The next challenge Ontario faces involves both issues – how to green the grid, without sending electricity costs even higher. Each party has part of an answer, but none is keen to draw too much attention to the difficult choices ahead.

The aging Pickering Nuclear Generating Station, source of one-sixth of Ontario’s power, will close in 2025. The Darlington and Bruce stations can run until the 2060s, but refurbishing them means temporary shutdowns, further reducing Ontario’s capacity to generate clean power.

How to fill the gap? The easy option is natural gas, from the relatively new plants built to act as surge power when demand spikes, or when wind and solar are idle because the wind isn’t blowing, or the sun isn’t shining. But a greater reliance on gas means fossil methane replaces zero-emission nuclear – and Ontario’s currently low emissions from electricity could jump fivefold by 2035, according to the Independent Electricity System Operator. Last fall, in response to big cities calling for the end to gas power, IESO concluded that doing so by 2030 would be expensive and risky. The report was widely criticized, and in April it emerged that other options could work.

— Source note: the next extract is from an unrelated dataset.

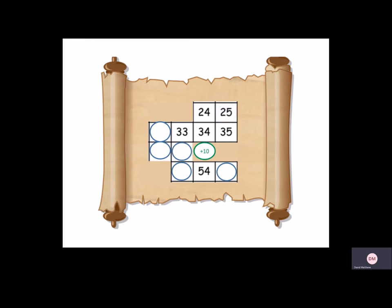Going from 24 to 25. Now looking at 33, it's to the left, which we know is subtract 1. So that would be 32. Then below 32, we can add 10. Because when we go down, we add 10, which would be 42.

Four years ago, it was politically easy for Mr. Ford to promise lower prices while railing against green power. But gas prices are up, and new wind and solar cost a fraction of what they did when a Liberal government first pursued the technologies more than a decade ago.

Mr. Ford these days is a lot less ideological about electricity. Why? Business. His April budget praised clean energy and said it was key to drawing global investments, including support for the auto sector to go electric. The budget spoke of letting businesses tap into solar and wind, developing more nuclear power, and spending more than $1-billion on transmission in southwest Ontario to deliver clean power to industry.

His government is also working on grid battery storage, has struck an electrification and energy transition panel, and has asked the IESO to rethink the natural gas outlook. It’s progress.

The Liberals, meanwhile, are more explicit about their goal – getting off natural gas and moving to 100-per-cent clean power. How will they do it? Through “the right, cost-effective mix of nuclear, hydroelectricity and renewables.” Good destination, but where’s the map?

The NDP are somewhat more specific, promising more hydro, more wind and solar, more grid-scale storage and better links to the excess hydro power of Manitoba and Quebec.

But the NDP doesn’t mention nuclear, which in Ontario is a giant omission. Nuclear is the province’s top power source, the main reason Ontario was able to get off coal, and the main reason its electricity is currently more than 90-per-cent zero emission. That can’t change any time soon: The Canada Energy Regulator’s net-zero electricity outlook sees Ontario’s 2050 power mix including about 40-per-cent nuclear power.

Each of Ontario’s major parties has good idea in their platforms – and if it were possible to pick each of their best ideas, the result would be something close to a solid electricity strategy. Except, of course, for the billions of dollars Ontario taxpayers are spending to pay the bills of Ontario ratepayers. But never mind. That’s the easy thing to agree on.